TASK DESCRIPTION :: Reproduce the listing below from the line with "Chat +18 de BirgitKamal ao vivo" to the line with "Used 2024 Jeep", both lines included, character for character, minus any pictures.

MATERIAL FOR THIS EXERCISE ::
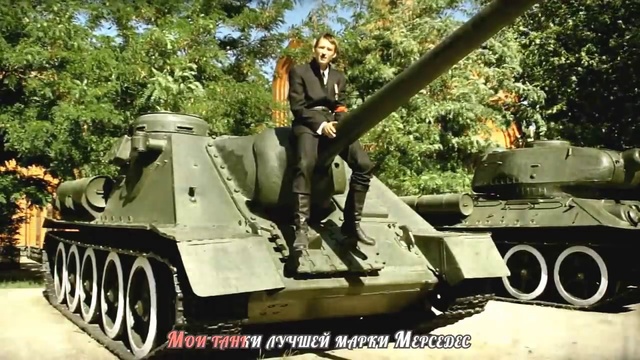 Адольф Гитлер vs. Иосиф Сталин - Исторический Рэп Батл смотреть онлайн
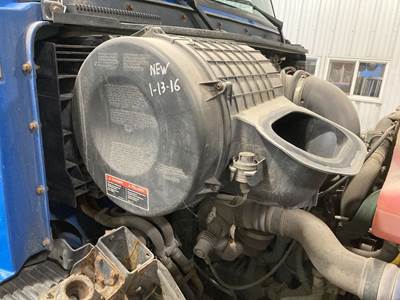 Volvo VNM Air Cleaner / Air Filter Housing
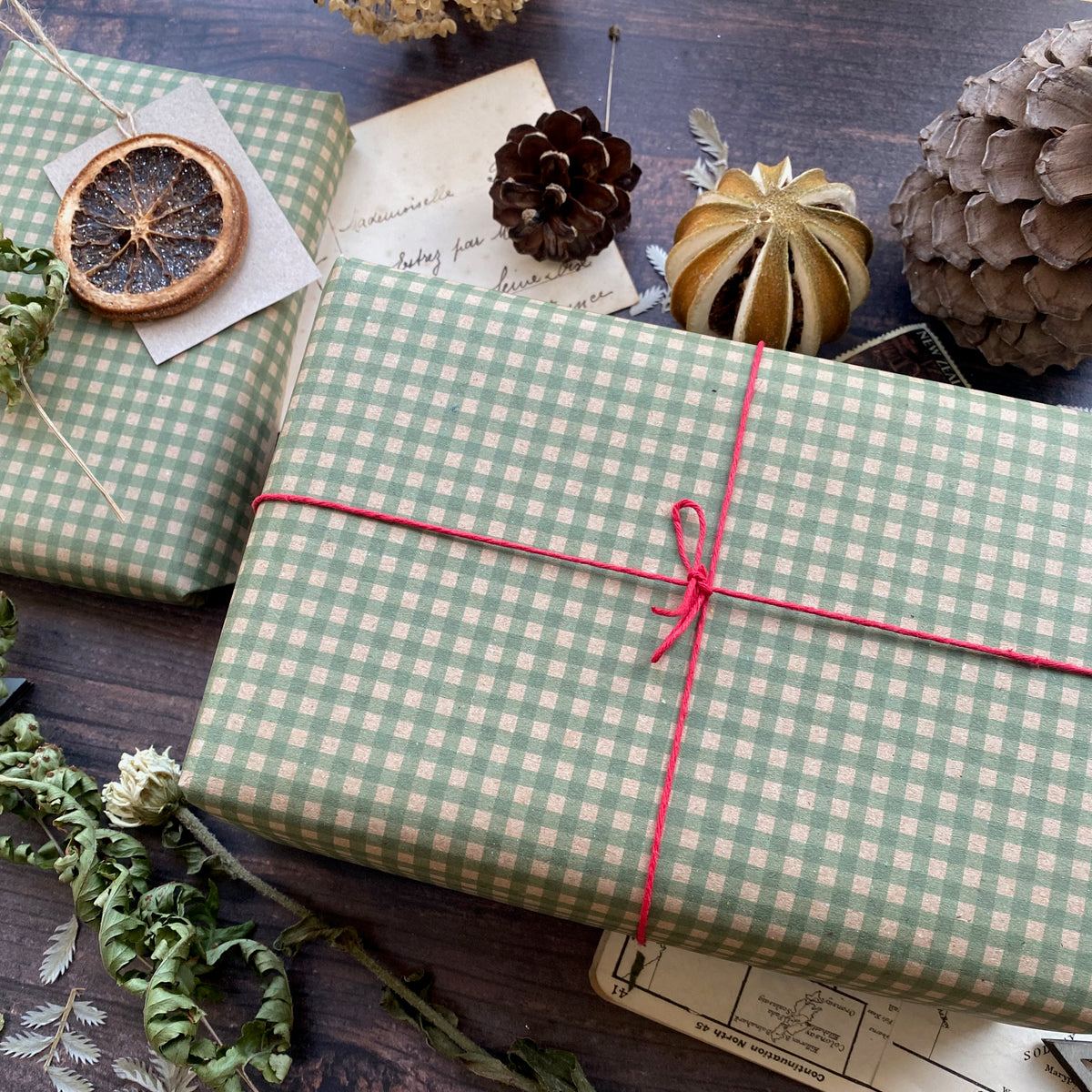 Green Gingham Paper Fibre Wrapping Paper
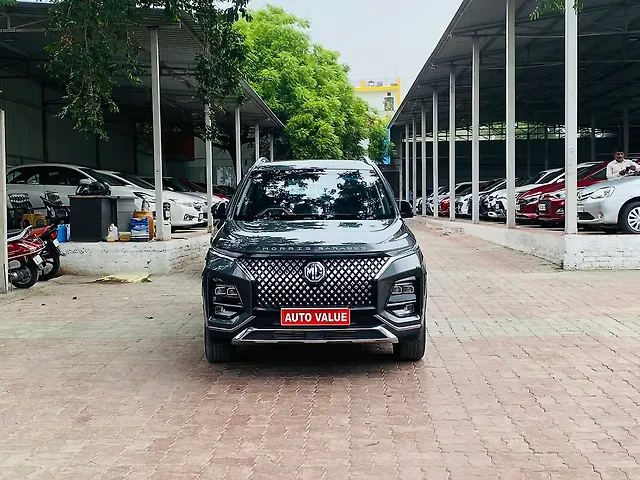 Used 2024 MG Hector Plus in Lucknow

==

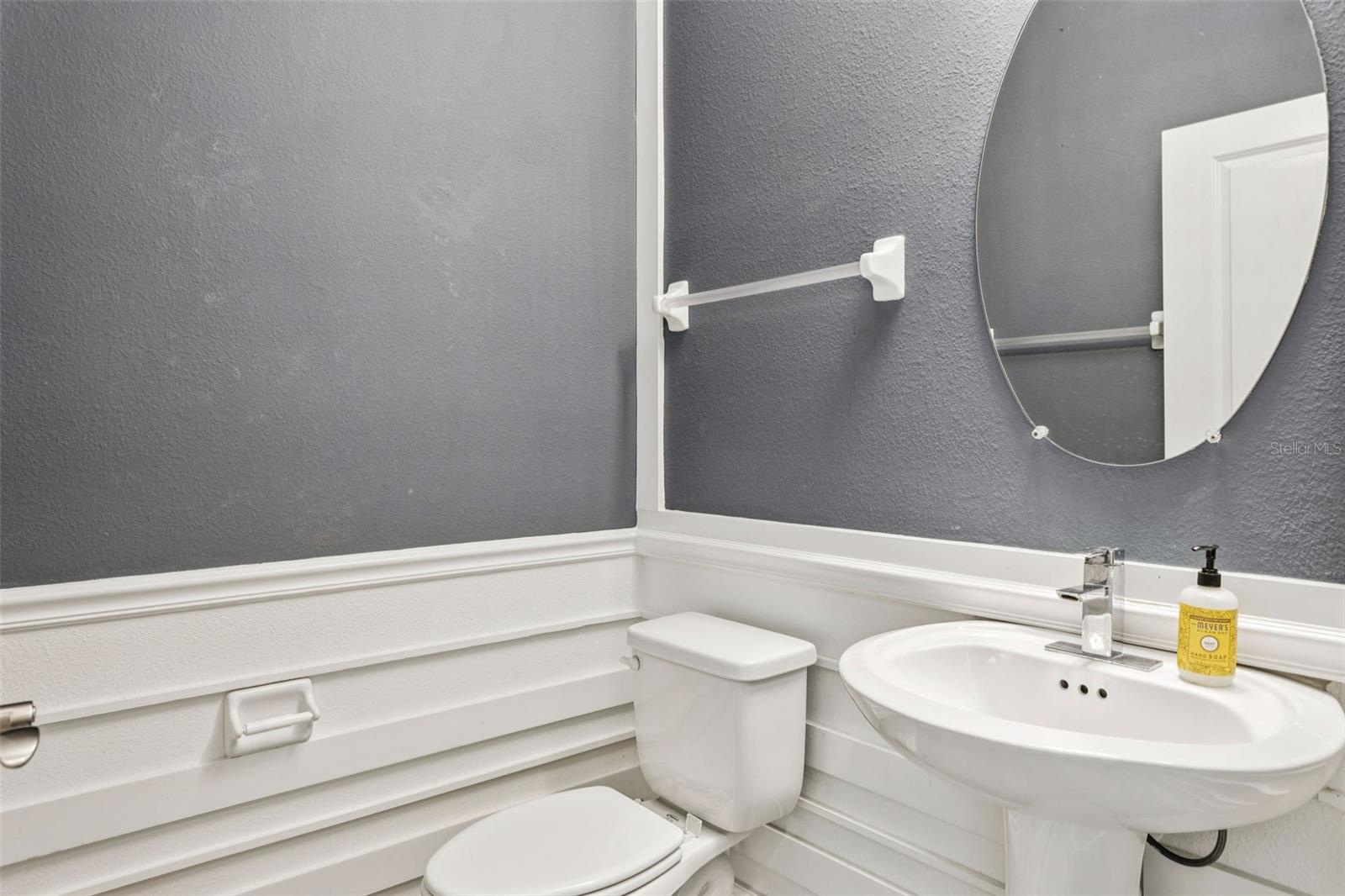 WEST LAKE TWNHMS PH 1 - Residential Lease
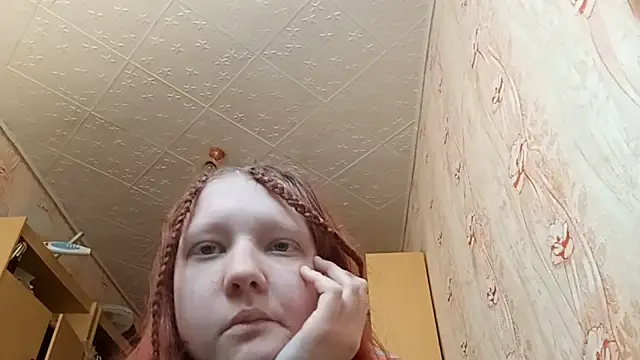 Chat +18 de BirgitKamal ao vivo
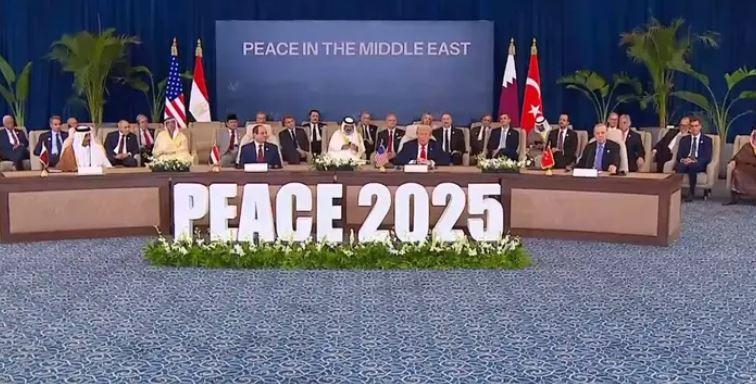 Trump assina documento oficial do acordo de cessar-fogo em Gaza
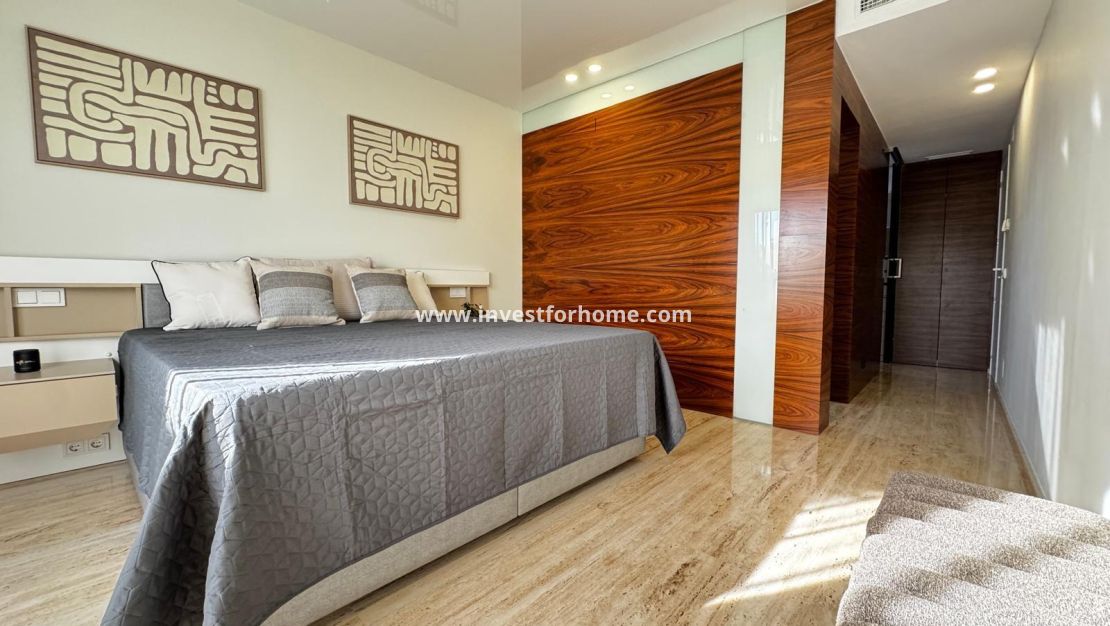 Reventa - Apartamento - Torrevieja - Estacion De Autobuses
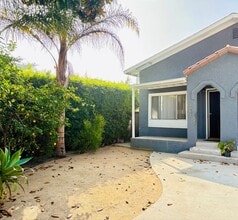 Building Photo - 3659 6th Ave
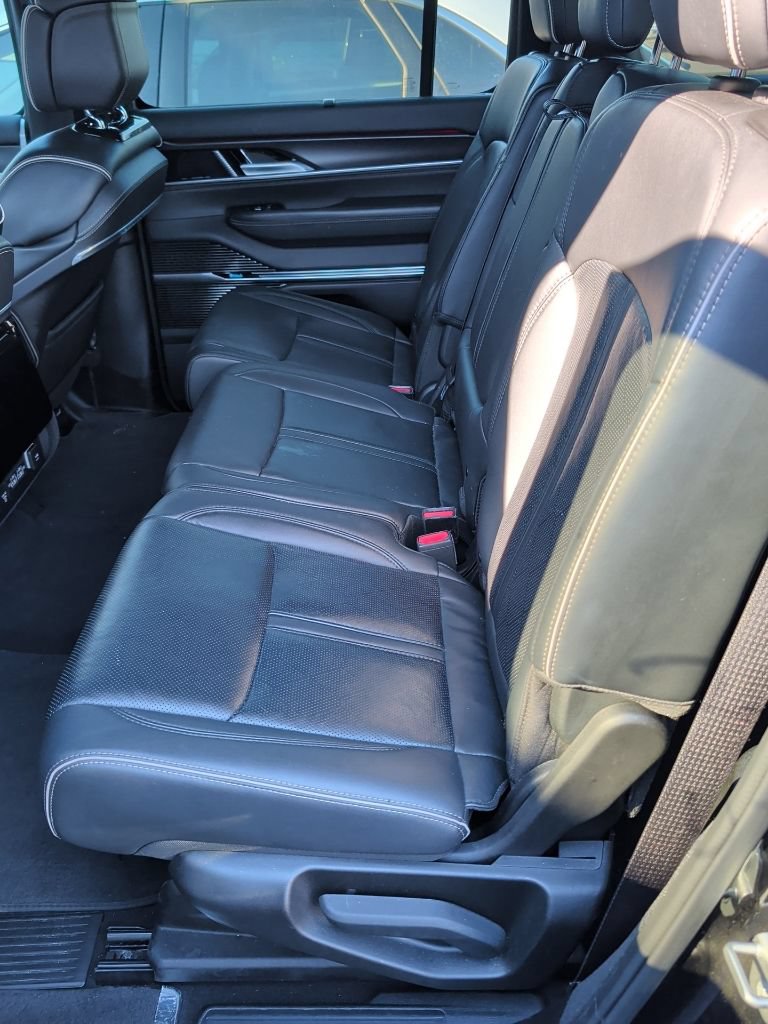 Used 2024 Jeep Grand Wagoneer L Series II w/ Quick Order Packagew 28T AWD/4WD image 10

---

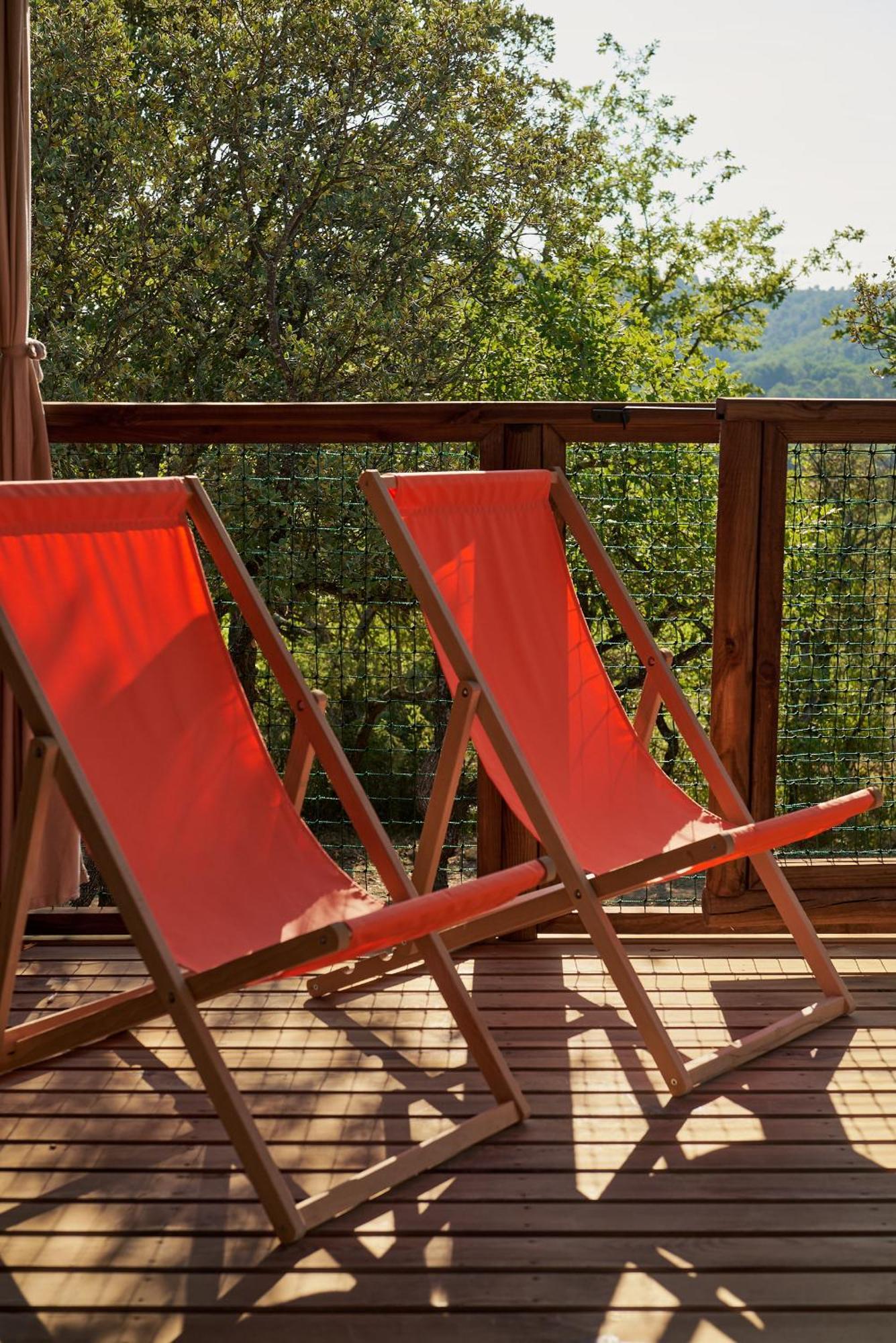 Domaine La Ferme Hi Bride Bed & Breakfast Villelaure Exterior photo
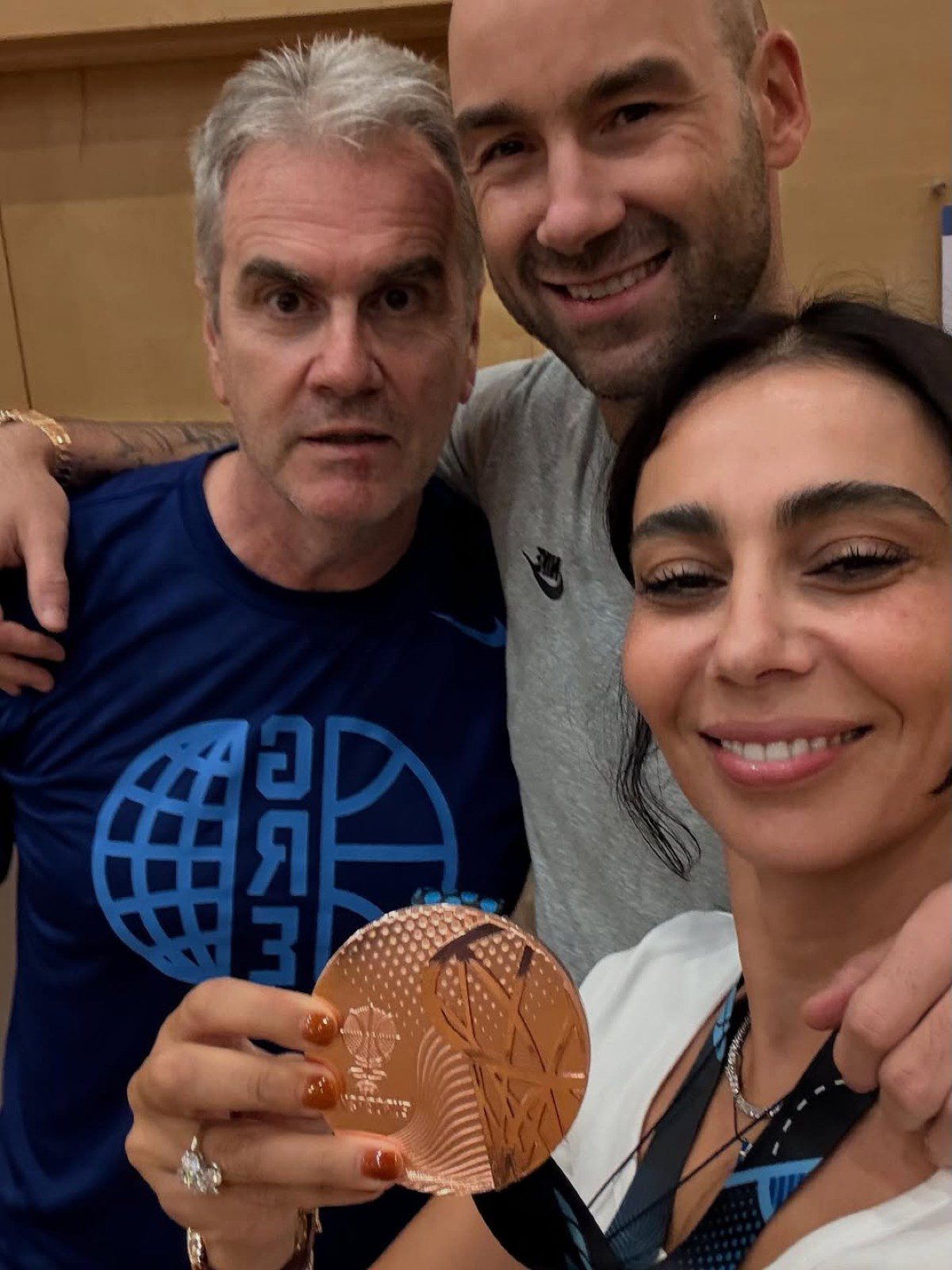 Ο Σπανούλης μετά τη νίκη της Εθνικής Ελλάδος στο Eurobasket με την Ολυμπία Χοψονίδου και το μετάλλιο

ANSWER BOX ::
 Chat +18 de BirgitKamal ao vivo
 Trump assina documento oficial do acordo de cessar-fogo em Gaza
 Reventa - Apartamento - Torrevieja - Estacion De Autobuses
 Building Photo - 3659 6th Ave
 Used 2024 Jeep Grand Wagoneer L Series II w/ Quick Order Packagew 28T AWD/4WD image 10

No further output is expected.